UK Prime Minister Gordon Brown has promised “the fullest Parliamentary debate” over the EU’s new treaty agreed in Lisbon last week but once again ruled out holding a referendum, saying the substance of the new text is different from the defunct EU Constitution.
Brown is set for a bumpy ride in Parliament debates to be organised in the coming months over the ratification of the EU’s new ‘Reform Treaty’.
Both the Conservatives and some MPs within his own camp are raising the pressure to hold the British Premier to account over referendum promises made by the Labour party in a 2005 manifesto.
“We will fight for the referendum in the House of Commons and we will try to make sure he keeps his promise to the British people,” said David Cameron, leader of the Conservatives.
But Brown said the promise does not hold anymore as the manifesto referred to the now buried EU Constitution.
Speaking at a press conference after the EU summit in Lisbon on 19 October, he said: “If this had been…a decision on the old treaty there would have been a referendum.” But he said this is now unnecessary as the new treaty introduces “no fundamental change” to the UK and “because at every point we have safeguarded the British national interest”.
“People will be able to see for themselves in the detailed parliamentary debate,” Brown said.

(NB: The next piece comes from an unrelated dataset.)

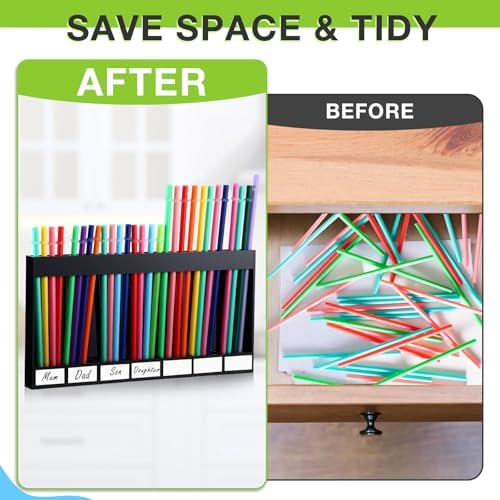 Qinyoung Acrylic Straw Holder for Cabinet Door,Classic,Extra Large,Black - Image 4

This argument will however be fiercely resisted by the opposition. “This treaty is almost exactly the same as the Constitution,” said Cameron, who described Brown’s refusal to hold a referendum as “a denial of democracy.”
Portuguese Prime Minister José Socrates, who was hosting the Lisbon summit as the current holder of the EU’s six-month rotating presidency, wished Brown well: “We are counting on you to sell it to the British people,” he was quoted as saying by The Scotsman newspaper.
The text is expected to be ratified in Parliament in April or May next year.